Reading and Writing Files
putChar, putStr, putStrLn, getChar, getLine, and getContents have
counterparts whose names are prefixed with an h. The h-versions of these
functions read from a file handle (h for handle). In fact, if you import the
System.IO module, then you get access to the standard input/output streams
available to any program:
stdin, stdout, stderr :: Handle
putChar, putStr, and putStrLn are defined by calling hPutChar,
hPutStr, and hPutStrLn with stdout as their first arguments:
putChar = hPutChar stdout
putStr = hPutStr stdout
putStrLn = hputStrLn stdout
Similarly, getChar, getLine, and getContents read from stdin using
hGetChar, hGetLine, and hGetContents:
getChar = hGetChar stdin
getLine = hGetLine stdin
getContents = hGetContents stdin
The types of hPutChar, hPutStr, hPutStrLn, hGetChar, hGetLine, and
hGetContents are
hPutChar :: Handle -> Char -> IO ()
hPutStr :: Handle -> String -> IO ()
hPutStrLn :: Handle -> String -> IO ()
hGetChar :: Handle -> IO Char
hGetLine :: Handle -> IO String
hGetContents :: Handle -> IO String
A Handle is what we use in Haskell to hold on to an open file from which we
can read and to which we can write. stdin, stdout, and stderr are files
that are always available, without the need to open them. If we want to read
from a file on our file system, then we need to open this file using
openFile :: FilePath -> IOMode -> IO Handle
FilePath is the type used to represent file names. It's an alias for String.
type FilePath = String
IOMode indicates whether we want to open the file for reading, writing, both,
or appending.
data IOMode
= ReadMode -- File can only be read
| WriteMode -- File can only be written
| AppendMode -- File can only be written past its original content
| ReadWriteMode -- File can be read and written
In particular, opening a file in WriteMode erases its original content.

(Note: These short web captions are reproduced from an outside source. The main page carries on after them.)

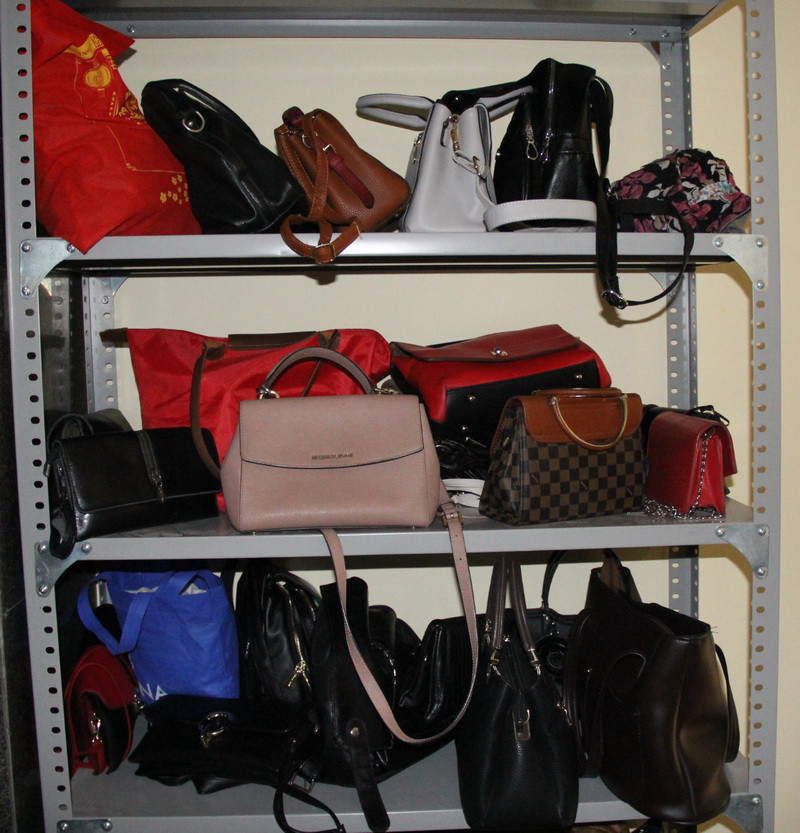 Trước khi vào phòng chấm thi, cán bộ chấm thi phải để toàn bộ tư trang bên ngoài theo quy định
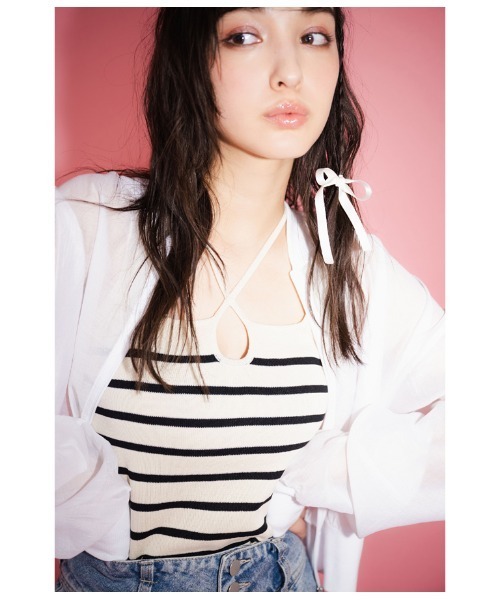 ANAP（アナップ）の「クロスネック タンクトップ（タンクトップ・レディース・アイボリー/ブラック/グリーン/ブラック系その他・FREE）」の13枚目の写真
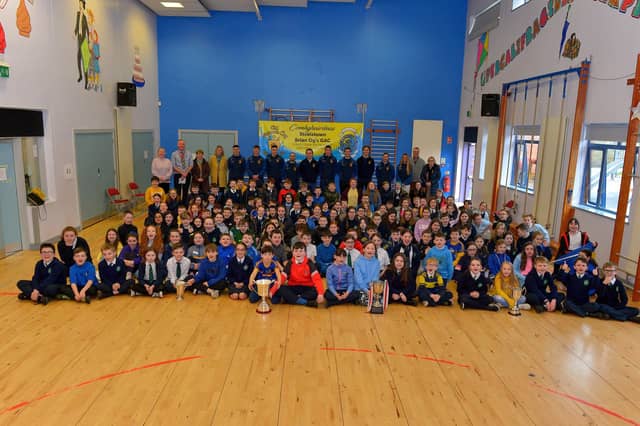 St Patrick’s PS Pennyburn P 6 and 7 staff and pupils pictured with Steelstown Brian Og’s players and coaches during a visit to the school on Friday morning last. Photo: George Sweeney. DER2208GS – 084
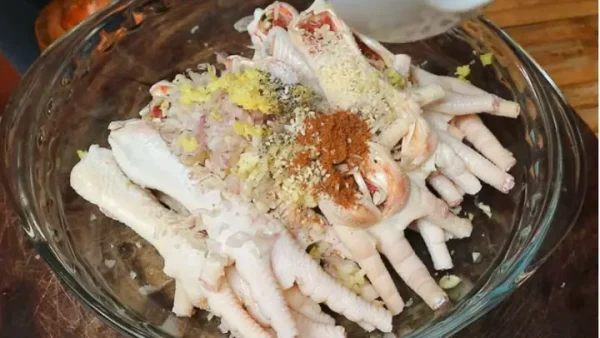 Cách Làm Chân Gà Chiên Giòn Rụm Tại Nhà, Chiên 2 Lần Không Dính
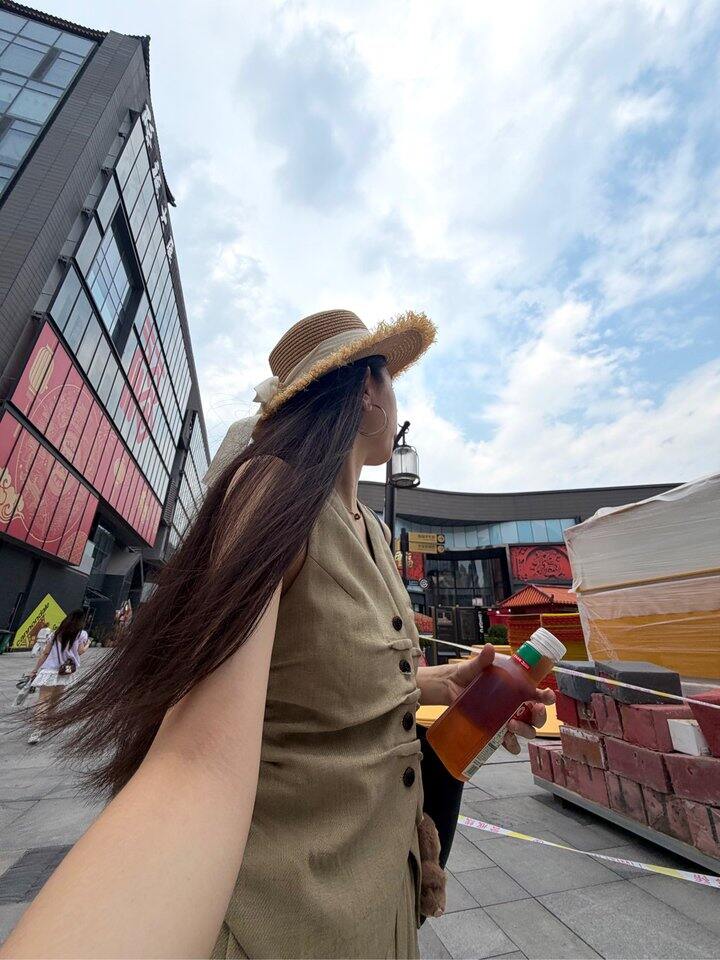 看展穿搭/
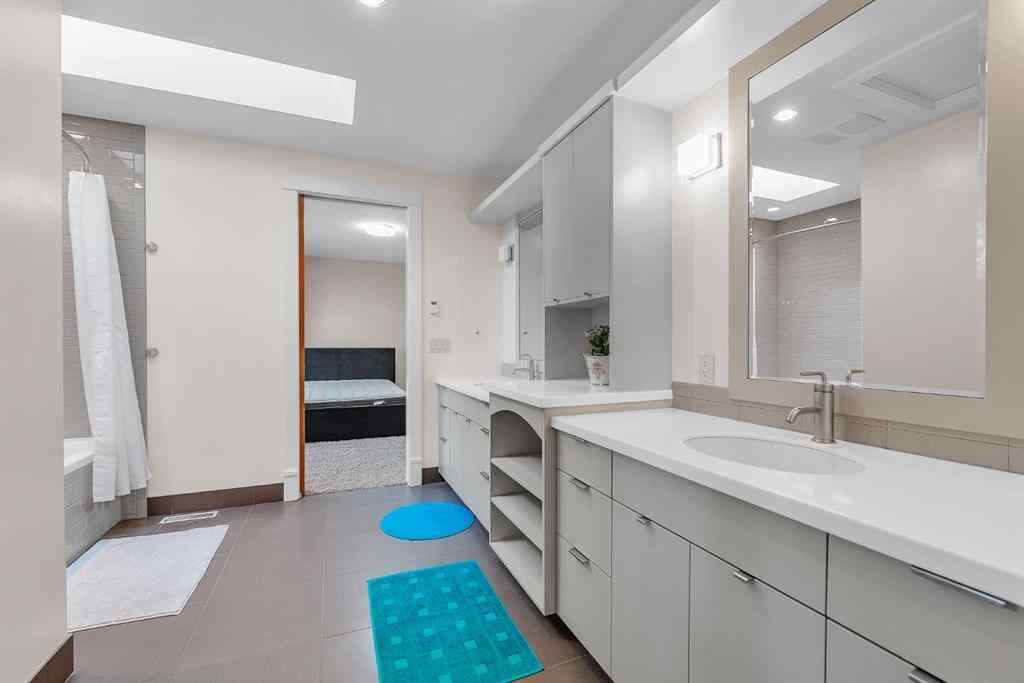 MLS® A2256575 - 2312 12 Avenue NW in Hounsfield Heights/Briar Hill Calgary, Residential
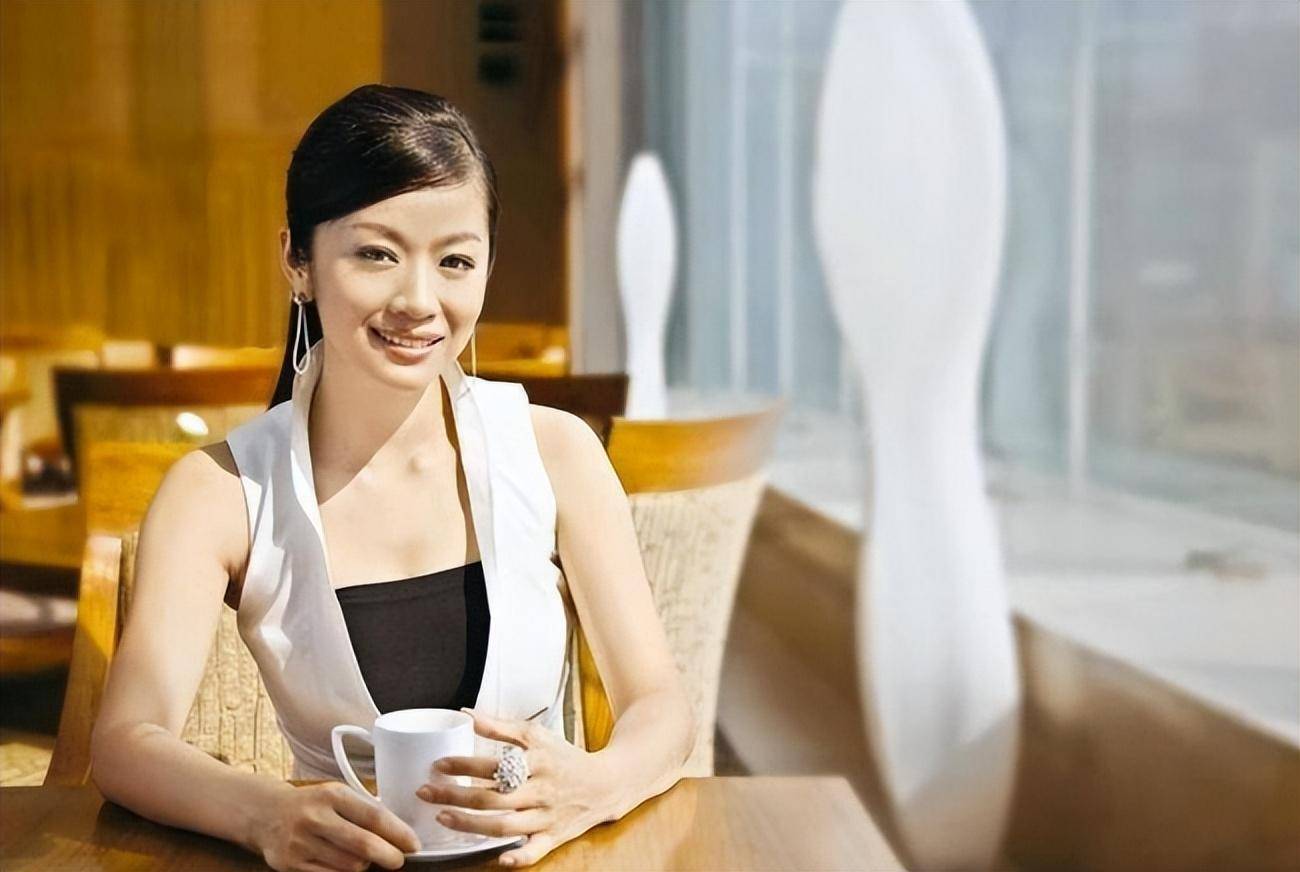 也是瑞幸咖啡老板娘,老公帅又年轻_曾子墨_工作_黎辉
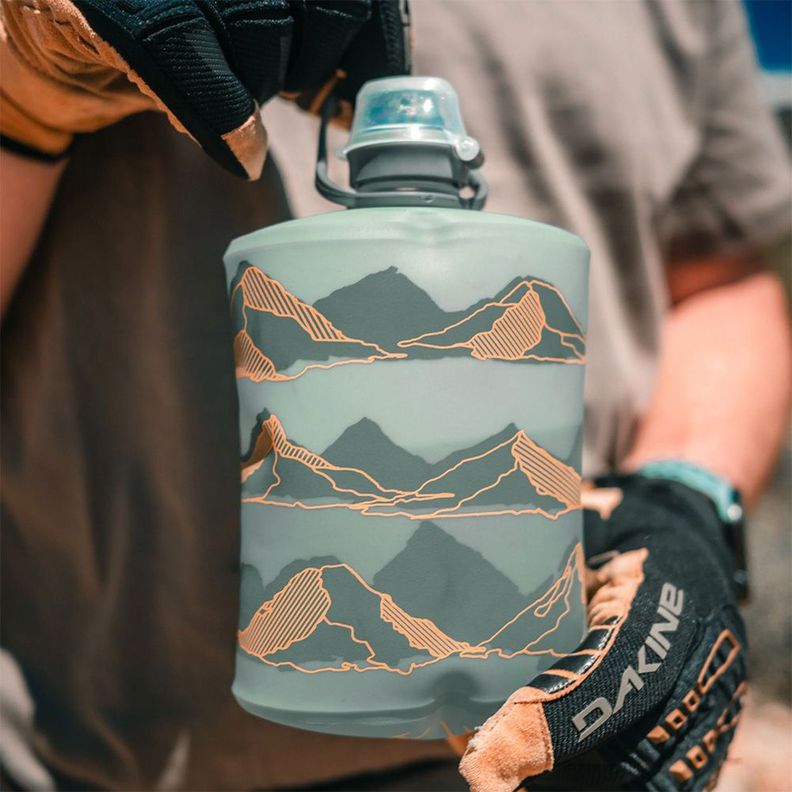 BOTELLA HIDRATACION STOW MOUNTAIN EDITION 500ml SUTRO GREEN-4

ReadMode, WriteMode, and ReadWriteMode then position the file cursor at
the beginning of the file. AppendMode does not alter the file when opening it
and positions the file cursor at the end of the file, to allow adding more
content at the end.
A file opened with openFile can be closed using
hClose :: Handle -> IO ()
For example, if we have the file
I will learn to program in Haskell!
I will learn to program in Haskell!
I will learn to program in Haskell!
then we can open it using openFile, read its contents using hGetContents,
print them on screen using putStr, and finally close the file using hClose:
>>> import System.IO
>>> :{
| do
| h <- openFile "mantra.txt" ReadMode
| txt <- hGetContents h
| putStr txt
| hClose h
| :}
I will learn to program in Haskell!
I will learn to program in Haskell!
I will learn to program in Haskell!
An important point we will explore more closely shortly: In other languages, this would work just fine:
>>> :{
| do
| h <- openFile "mantra.txt" ReadMode
| txt <- hGetContents h
| hClose h
| putStr txt
| :}
*** Exception: mantra.txt: hGetContents: illegal operation (delayed read on closed handle)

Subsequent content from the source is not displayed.